Wednesday, July 6, 2011


So much for my plan to go back to writing every day!

Monday, July 4th, I ran a few errands with Janell, worked on menus and shopping lists for my Tuesday personal chef gig and baked a Fig-Almond Crostata (free form crust). Jordan and I spent a good part of the late afternoon, early evening with co-works of his from the Bureau at UNR. We had a nice time. Lots of academics, not always the most exciting people. Our hosts had a pool (nice as it was very hot) and some shady spots to sit. It was a potluck (which Jordan forgot to tell me until two hours before we were due to be there!!) and all I had on hand were some Healthy Oatmeal Raisin cookies, so I took those. The flour in the dough is made up mostly of ground oatmeal. They have a maple glaze on them also. We did not go see the fireworks this year, but I did hear a lot going off around the neighborhood.
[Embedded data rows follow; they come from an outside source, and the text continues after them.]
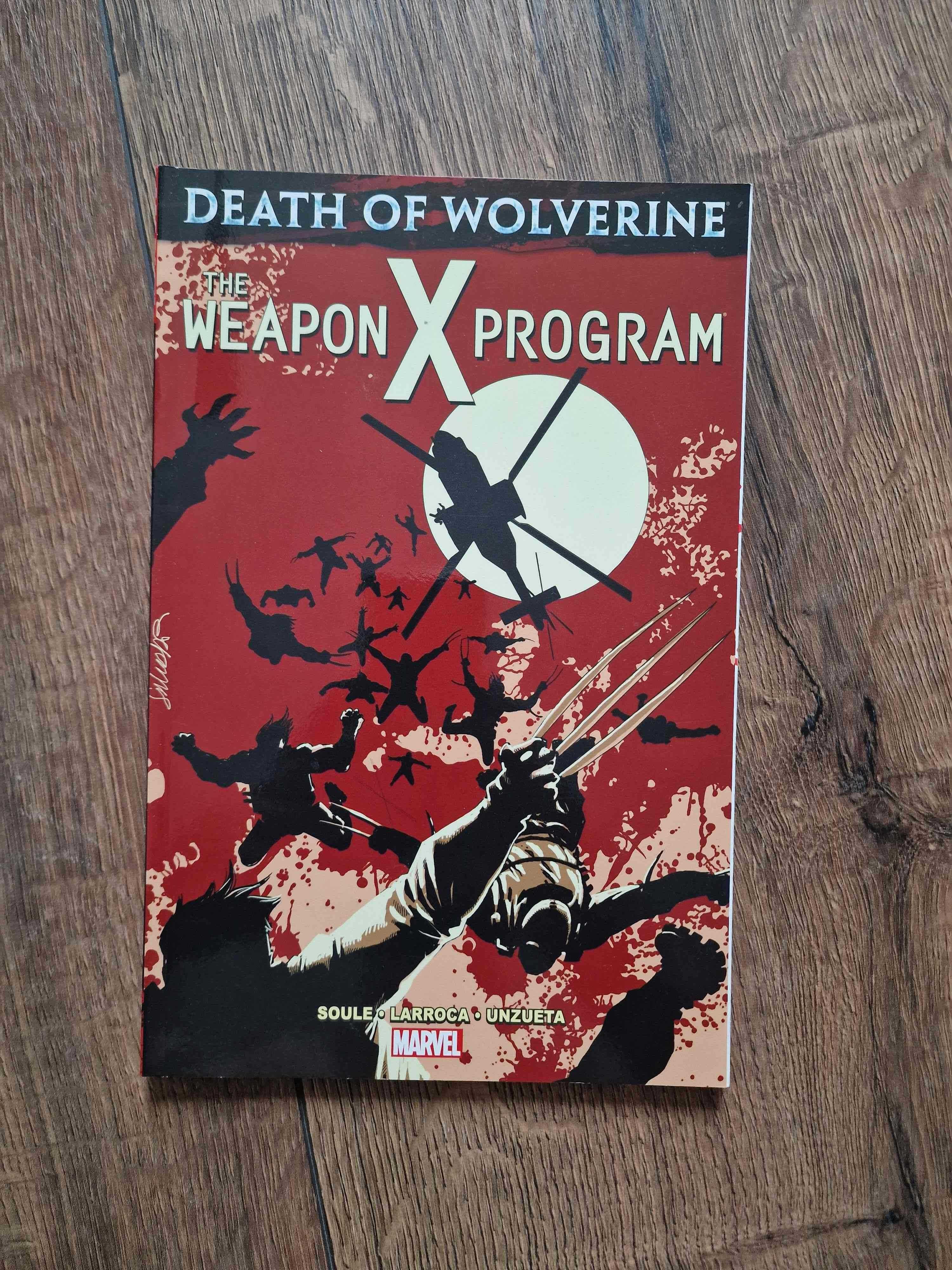 Komiks Marvel Death Of Wolverine Weapon X Program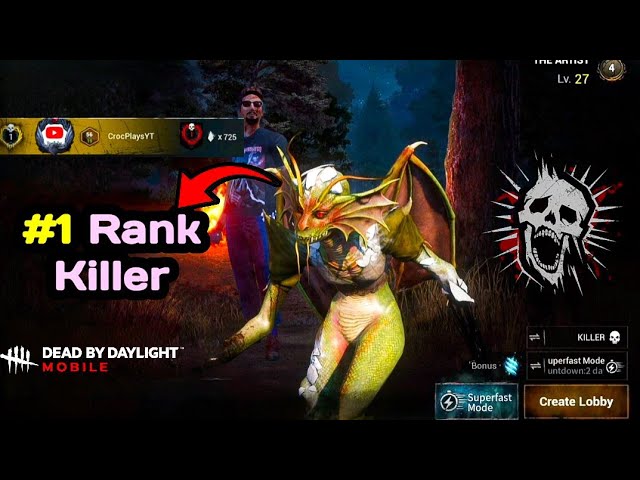 How Does #1 Killer Plays Artist?! | Dbdm Mobile
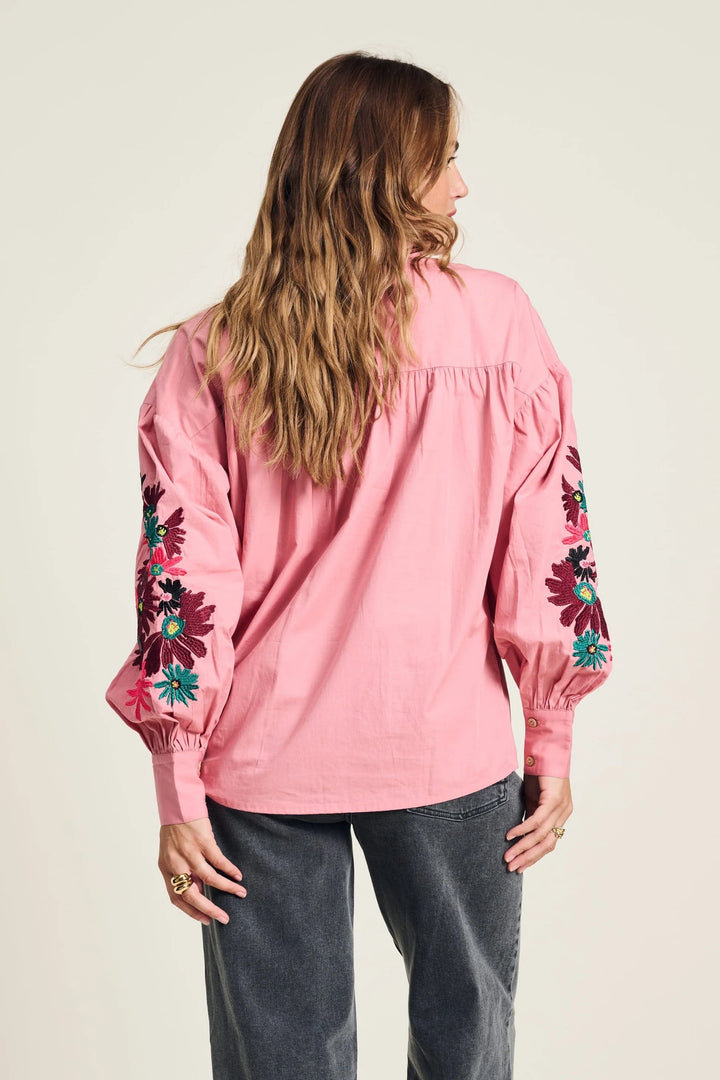 Pom Maxime Dusty Pink Blouse - Pink - Shop 9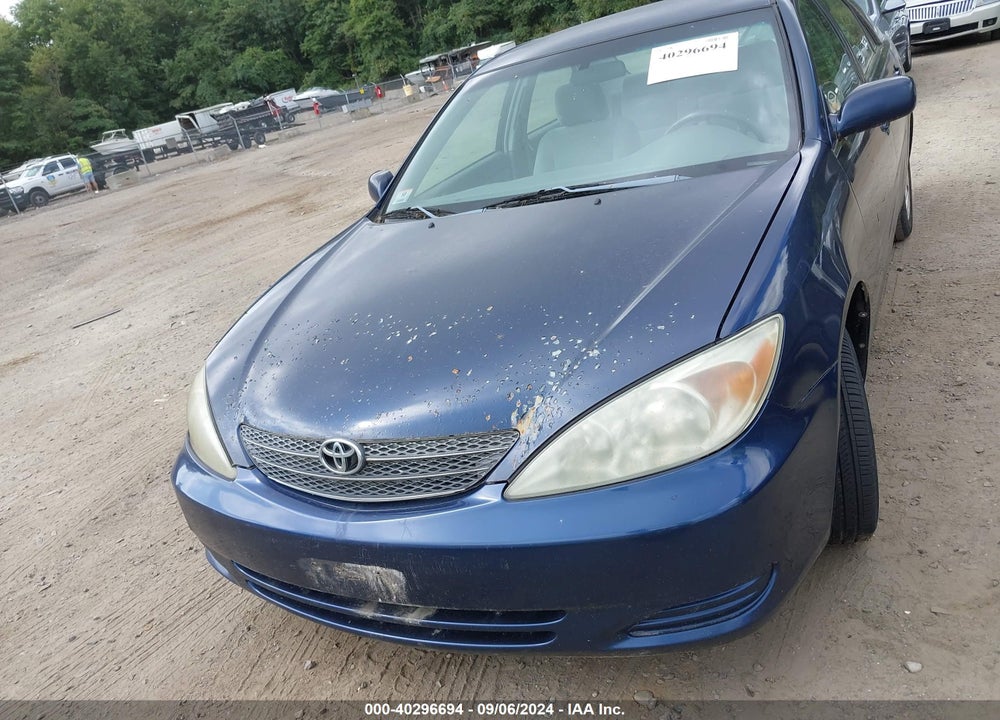 2004 TOYOTA CAMRY LE V6 VIN: 4T1BF32K24U074103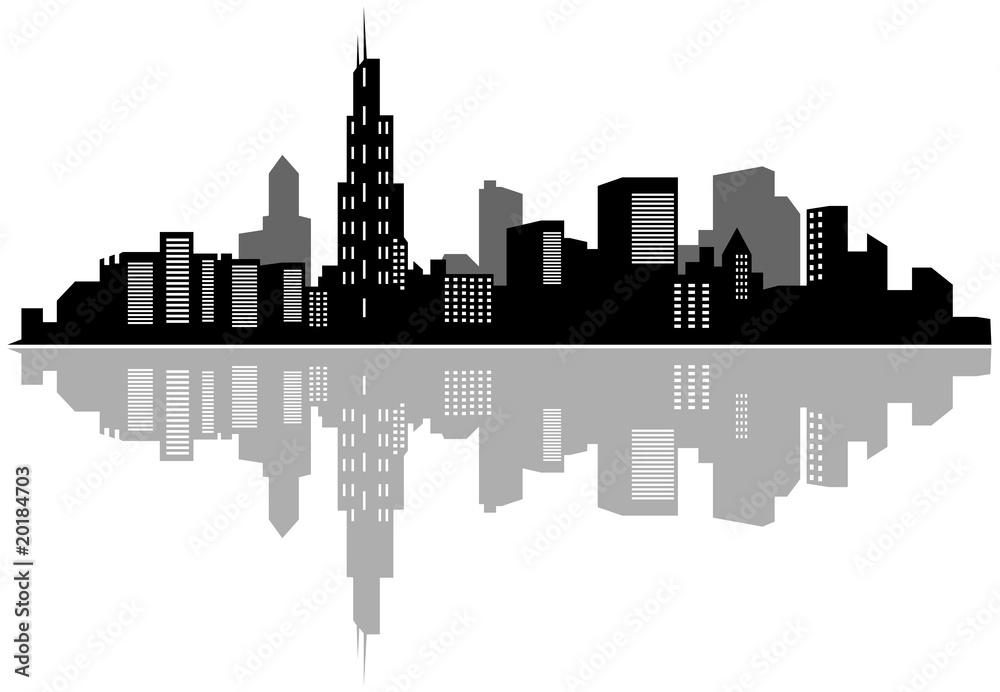 Fototapeta premium City skyline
Tuesday, July 5, was my marathon cooking day. I will be going with Jordan next week to San Diego for his ERSI convention so wouldn't be able to cook for Michael. So I cooked meals for two weeks for him. Artichoke heart, salmon and sea scallop Salad with Citrus vinaigrette, Orecchiette with shrimp and arugula, Candied Pecan and Strawberry Salad, Ginger-pistachio crusted chicken with tangerine sauce, Crispy cabbage, Mango and Red Onion Salad, Honey Bourbon Pork Tenderloin, Ratatouille, Apple, Dried Cherry and Pecan Salad, Farfalle pasta in a Creamy Asiago Sauce, Cherry, Papaya and Orzo Salad, Chicken and Spinach Wraps with a light sauce, Lamb Chops with Asparagus and Farro, Hangar Steak with a Port Cherry Sauce and Italian Sesame Goat Cheese Salad. Whew! Took me all day! It was fun though! When I got home from Michael's, I made a Savory Swiss Chard tart with swiss chard I had gotten in Davis at the Farmer's Market. It also had bacon, onions and Gruyere cheese. Yummy!

Today, Wednesday, July 6, I spent recovering from my marathon cooking day, although I woke up early. I've been doing computer work most of the day, looking for main dish salads and developing the menu for the partnership meeting July 25. I did some banking, took Michael some savory tart and rubbed the cat's tummy, lol (a job he thinks I was born to do). Dinner was grilled flank steak with Roasted Red Pepper Coulis, asparagus and potatoes. Jordan and I shared a piece of the fig tart (the rest went to my personal chef client). He thought it was sweet, I thought it was just right. Oh, well, can't please all the people....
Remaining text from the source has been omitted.